Il ministro dell'Agricoltura canadese è stato chiaro: "Vorrei sottolineare da subito che si tratta di una mucca." Ma è bastato un solo test positivo alla BSE nel Maggio 2003 a far collassare l'industria bovina del Canada. Le esportazioni vennero immediatamente bloccate, e alla fine dell'anno, gli analisti dell'industria calcolarono che il costo economivo della positività al test nella misura di 3,3 miliardi di dollari. Poi, proprio prima di Natale, l'industria ha accusato un altro colpo a causa di un singolo caso di BSE negli Stati Uniti.
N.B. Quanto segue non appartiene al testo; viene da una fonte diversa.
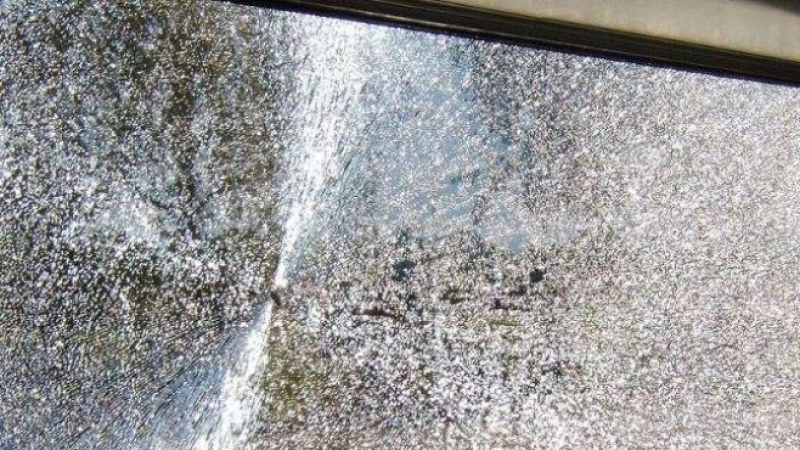 Гамени помляха стъклото на столичен автобус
Nel febbraio 2004, i funzionari del Dipartimento dell'Agricoltura in USA comunicarono al Congresso che quell'epidemia aveva avuto un costo di 6 miliardi di dollari, Gli Europei devono aver sorriso guardando le cifre del Nord America. La loro crisi della Mucca Pazza gli è costata più di 100 miliardi di dollari.

I Governi di entrambe le sponde dell'Atlantico hanno doverosamente compensato gli allevatori e i macellatori colpiti dalla crisi. E hanno fatto lo stesso dopo le crisi di afta epizootica di influenza aviaria. Quindi anche se la carne non ha mai toccato la tua bocca, ti tocca pagare.